= Beginning of Section =

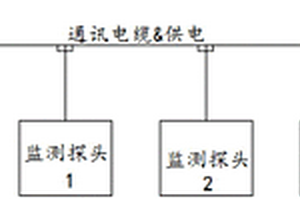 極端環境下文物本體含水率分體式多通道監測終端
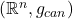 (\mathbb{R}^n, g_{can})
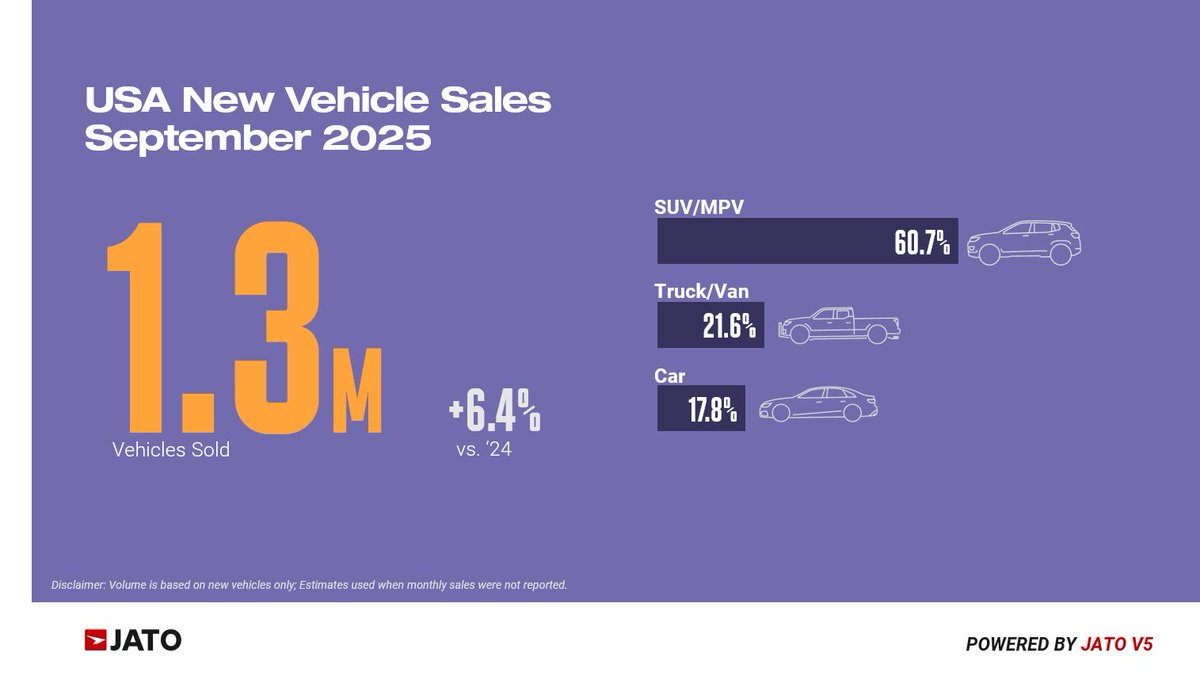 JATODynamics_NA's tweet image. In September 2025, around 1.5 million new vehicles were sold in the United States, an increase of 6.4% when compared to September 2024. The SUV segment made up 60.7% of the market while trucks and cars made up 21.6% and 17.8% of the market. #USA #Sales #JATOV5 #Automotive #JATO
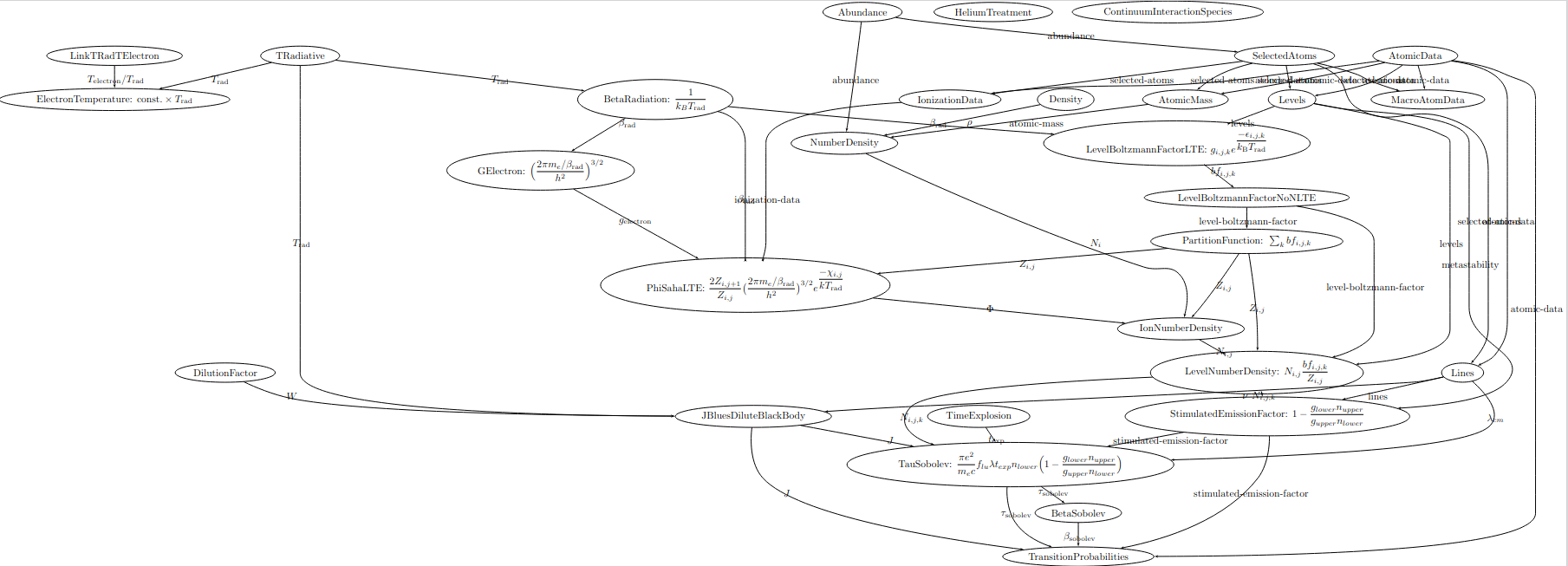 ../../_images/io_output_plasma_graph_20_0.png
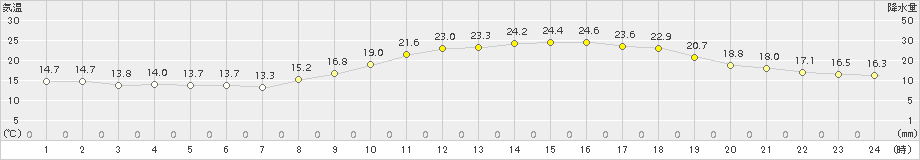 佐賀(>2015年10月15日)のアメダスグラフ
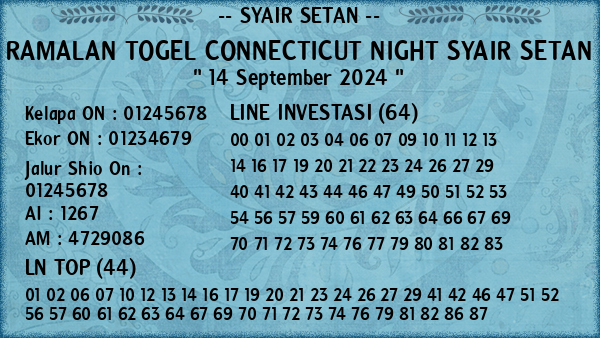 Prediksi Connecticut Night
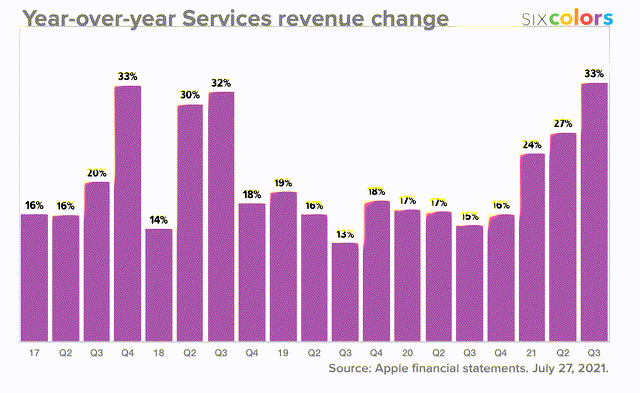 Apple Services Revenue Trend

= End of Section =

*Activity*:
Without the images, output all the entries exactly as they stand.

*Reply*:
 極端環境下文物本體含水率分體式多通道監測終端
 (\mathbb{R}^n, g_{can})
 JATODynamics_NA's tweet image. In September 2025, around 1.5 million new vehicles were sold in the United States, an increase of 6.4% when compared to September 2024. The SUV segment made up 60.7% of the market while trucks and cars made up 21.6% and 17.8% of the market. #USA #Sales #JATOV5 #Automotive #JATO
 ../../_images/io_output_plasma_graph_20_0.png
 佐賀(>2015年10月15日)のアメダスグラフ
 Prediksi Connecticut Night
 Apple Services Revenue Trend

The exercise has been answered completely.